╭─ Working data

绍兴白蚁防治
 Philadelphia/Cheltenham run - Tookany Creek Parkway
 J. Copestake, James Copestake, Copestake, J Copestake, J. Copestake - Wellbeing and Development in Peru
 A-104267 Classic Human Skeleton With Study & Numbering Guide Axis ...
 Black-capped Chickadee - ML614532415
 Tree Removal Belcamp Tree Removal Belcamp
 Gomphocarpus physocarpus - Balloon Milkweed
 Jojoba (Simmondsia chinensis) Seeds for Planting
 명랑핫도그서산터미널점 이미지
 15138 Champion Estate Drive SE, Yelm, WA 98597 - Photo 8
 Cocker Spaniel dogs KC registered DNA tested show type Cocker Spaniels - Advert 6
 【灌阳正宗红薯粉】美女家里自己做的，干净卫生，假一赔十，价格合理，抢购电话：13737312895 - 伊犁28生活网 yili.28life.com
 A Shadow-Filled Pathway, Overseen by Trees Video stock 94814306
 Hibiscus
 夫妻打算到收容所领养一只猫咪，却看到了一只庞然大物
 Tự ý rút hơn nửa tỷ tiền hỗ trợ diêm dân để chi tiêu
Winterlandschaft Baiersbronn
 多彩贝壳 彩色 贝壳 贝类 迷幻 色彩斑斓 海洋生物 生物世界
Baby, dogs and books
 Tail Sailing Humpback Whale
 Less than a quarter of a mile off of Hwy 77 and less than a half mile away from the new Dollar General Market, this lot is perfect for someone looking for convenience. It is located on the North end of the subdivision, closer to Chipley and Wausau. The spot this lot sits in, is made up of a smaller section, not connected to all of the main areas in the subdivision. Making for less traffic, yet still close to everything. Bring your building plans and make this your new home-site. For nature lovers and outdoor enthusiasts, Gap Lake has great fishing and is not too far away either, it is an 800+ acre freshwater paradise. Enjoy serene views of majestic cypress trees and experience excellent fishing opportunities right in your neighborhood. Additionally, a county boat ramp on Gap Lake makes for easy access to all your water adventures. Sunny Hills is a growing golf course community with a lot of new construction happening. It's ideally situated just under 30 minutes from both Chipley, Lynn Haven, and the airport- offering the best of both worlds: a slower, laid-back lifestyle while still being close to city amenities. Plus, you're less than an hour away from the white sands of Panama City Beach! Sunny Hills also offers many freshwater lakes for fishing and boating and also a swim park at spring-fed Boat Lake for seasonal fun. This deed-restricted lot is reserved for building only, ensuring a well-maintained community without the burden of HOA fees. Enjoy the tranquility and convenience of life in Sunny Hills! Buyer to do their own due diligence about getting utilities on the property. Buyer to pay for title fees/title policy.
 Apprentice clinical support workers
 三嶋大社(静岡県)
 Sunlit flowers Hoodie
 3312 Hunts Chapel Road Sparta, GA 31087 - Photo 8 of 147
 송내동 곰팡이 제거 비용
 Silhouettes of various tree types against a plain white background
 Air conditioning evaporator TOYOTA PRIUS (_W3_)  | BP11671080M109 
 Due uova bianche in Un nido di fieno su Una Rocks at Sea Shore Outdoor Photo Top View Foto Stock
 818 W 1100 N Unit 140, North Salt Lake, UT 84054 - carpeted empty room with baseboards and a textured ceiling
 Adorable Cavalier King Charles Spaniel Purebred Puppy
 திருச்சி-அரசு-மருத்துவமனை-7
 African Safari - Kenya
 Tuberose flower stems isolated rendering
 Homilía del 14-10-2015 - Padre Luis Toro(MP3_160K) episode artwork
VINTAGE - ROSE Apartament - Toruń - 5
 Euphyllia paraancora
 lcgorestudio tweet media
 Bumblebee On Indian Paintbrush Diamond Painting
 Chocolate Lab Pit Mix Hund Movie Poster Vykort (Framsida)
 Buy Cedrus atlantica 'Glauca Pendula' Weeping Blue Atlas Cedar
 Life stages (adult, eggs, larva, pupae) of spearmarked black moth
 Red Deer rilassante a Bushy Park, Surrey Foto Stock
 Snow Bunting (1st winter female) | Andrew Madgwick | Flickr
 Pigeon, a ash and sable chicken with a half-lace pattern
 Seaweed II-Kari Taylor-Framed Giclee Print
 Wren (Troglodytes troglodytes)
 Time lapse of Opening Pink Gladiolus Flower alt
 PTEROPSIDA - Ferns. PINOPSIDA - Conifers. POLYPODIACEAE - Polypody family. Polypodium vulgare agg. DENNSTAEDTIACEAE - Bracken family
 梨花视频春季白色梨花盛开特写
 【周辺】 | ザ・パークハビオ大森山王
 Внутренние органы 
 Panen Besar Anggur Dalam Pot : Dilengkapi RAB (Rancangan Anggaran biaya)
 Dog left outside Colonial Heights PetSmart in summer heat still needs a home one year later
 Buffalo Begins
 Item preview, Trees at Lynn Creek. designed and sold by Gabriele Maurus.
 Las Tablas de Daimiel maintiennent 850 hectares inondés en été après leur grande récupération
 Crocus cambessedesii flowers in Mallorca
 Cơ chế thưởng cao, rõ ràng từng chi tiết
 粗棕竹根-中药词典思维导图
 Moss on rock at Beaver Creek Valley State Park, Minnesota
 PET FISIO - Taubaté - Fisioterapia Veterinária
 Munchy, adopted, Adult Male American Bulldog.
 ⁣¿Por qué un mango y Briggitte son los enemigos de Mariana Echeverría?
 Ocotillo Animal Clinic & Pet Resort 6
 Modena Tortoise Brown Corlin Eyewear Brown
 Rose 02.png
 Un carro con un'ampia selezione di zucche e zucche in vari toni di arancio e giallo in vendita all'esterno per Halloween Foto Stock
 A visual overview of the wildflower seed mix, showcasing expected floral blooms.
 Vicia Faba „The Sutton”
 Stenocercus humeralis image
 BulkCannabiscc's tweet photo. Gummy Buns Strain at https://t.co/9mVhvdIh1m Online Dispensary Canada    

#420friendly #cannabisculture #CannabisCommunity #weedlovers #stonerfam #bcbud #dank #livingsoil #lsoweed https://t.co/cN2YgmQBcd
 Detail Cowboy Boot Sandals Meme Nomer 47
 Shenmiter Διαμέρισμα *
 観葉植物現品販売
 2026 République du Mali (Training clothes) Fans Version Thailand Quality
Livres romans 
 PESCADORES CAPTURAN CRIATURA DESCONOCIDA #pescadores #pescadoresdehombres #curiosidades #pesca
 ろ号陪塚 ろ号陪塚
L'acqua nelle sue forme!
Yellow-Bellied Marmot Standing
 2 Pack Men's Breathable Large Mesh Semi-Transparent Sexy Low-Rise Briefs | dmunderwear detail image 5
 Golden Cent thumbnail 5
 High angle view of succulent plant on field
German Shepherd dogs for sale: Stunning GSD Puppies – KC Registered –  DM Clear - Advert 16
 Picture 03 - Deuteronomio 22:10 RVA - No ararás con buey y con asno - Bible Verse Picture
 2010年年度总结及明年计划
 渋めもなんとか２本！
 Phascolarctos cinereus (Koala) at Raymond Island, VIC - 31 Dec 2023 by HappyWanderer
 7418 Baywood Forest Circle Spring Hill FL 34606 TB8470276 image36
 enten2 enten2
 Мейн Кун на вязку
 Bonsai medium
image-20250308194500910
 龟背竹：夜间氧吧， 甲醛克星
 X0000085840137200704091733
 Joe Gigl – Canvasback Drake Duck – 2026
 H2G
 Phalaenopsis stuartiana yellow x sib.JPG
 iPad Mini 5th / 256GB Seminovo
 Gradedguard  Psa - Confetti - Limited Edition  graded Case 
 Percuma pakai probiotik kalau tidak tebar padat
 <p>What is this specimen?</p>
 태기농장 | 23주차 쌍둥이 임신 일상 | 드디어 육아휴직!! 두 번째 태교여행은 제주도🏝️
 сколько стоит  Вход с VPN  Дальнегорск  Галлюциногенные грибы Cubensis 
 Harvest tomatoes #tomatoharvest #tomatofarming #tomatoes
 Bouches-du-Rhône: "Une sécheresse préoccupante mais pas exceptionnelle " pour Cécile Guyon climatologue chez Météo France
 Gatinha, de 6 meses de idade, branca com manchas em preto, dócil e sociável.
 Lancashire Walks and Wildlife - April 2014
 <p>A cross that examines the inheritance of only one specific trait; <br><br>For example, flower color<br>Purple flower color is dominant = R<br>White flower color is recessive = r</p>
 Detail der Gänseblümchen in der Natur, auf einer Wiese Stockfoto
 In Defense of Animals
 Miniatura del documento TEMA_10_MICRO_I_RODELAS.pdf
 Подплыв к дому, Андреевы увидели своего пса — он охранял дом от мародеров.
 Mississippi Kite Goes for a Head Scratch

╰─

Repeat, exactly as they stand above, the lines from the line with "Silhouettes of various" to the line with "de Mariana Echeverría?", both lines included.

_Your solution_:
 Silhouettes of various tree types against a plain white background
 Air conditioning evaporator TOYOTA PRIUS (_W3_)  | BP11671080M109 
 Due uova bianche in Un nido di fieno su Una Rocks at Sea Shore Outdoor Photo Top View Foto Stock
 818 W 1100 N Unit 140, North Salt Lake, UT 84054 - carpeted empty room with baseboards and a textured ceiling
 Adorable Cavalier King Charles Spaniel Purebred Puppy
 திருச்சி-அரசு-மருத்துவமனை-7
 African Safari - Kenya
 Tuberose flower stems isolated rendering
 Homilía del 14-10-2015 - Padre Luis Toro(MP3_160K) episode artwork
VINTAGE - ROSE Apartament - Toruń - 5
 Euphyllia paraancora
 lcgorestudio tweet media
 Bumblebee On Indian Paintbrush Diamond Painting
 Chocolate Lab Pit Mix Hund Movie Poster Vykort (Framsida)
 Buy Cedrus atlantica 'Glauca Pendula' Weeping Blue Atlas Cedar
 Life stages (adult, eggs, larva, pupae) of spearmarked black moth
 Red Deer rilassante a Bushy Park, Surrey Foto Stock
 Snow Bunting (1st winter female) | Andrew Madgwick | Flickr
 Pigeon, a ash and sable chicken with a half-lace pattern
 Seaweed II-Kari Taylor-Framed Giclee Print
 Wren (Troglodytes troglodytes)
 Time lapse of Opening Pink Gladiolus Flower alt
 PTEROPSIDA - Ferns. PINOPSIDA - Conifers. POLYPODIACEAE - Polypody family. Polypodium vulgare agg. DENNSTAEDTIACEAE - Bracken family
 梨花视频春季白色梨花盛开特写
 【周辺】 | ザ・パークハビオ大森山王
 Внутренние органы 
 Panen Besar Anggur Dalam Pot : Dilengkapi RAB (Rancangan Anggaran biaya)
 Dog left outside Colonial Heights PetSmart in summer heat still needs a home one year later
 Buffalo Begins
 Item preview, Trees at Lynn Creek. designed and sold by Gabriele Maurus.
 Las Tablas de Daimiel maintiennent 850 hectares inondés en été après leur grande récupération
 Crocus cambessedesii flowers in Mallorca
 Cơ chế thưởng cao, rõ ràng từng chi tiết
 粗棕竹根-中药词典思维导图
 Moss on rock at Beaver Creek Valley State Park, Minnesota
 PET FISIO - Taubaté - Fisioterapia Veterinária
 Munchy, adopted, Adult Male American Bulldog.
 ⁣¿Por qué un mango y Briggitte son los enemigos de Mariana Echeverría?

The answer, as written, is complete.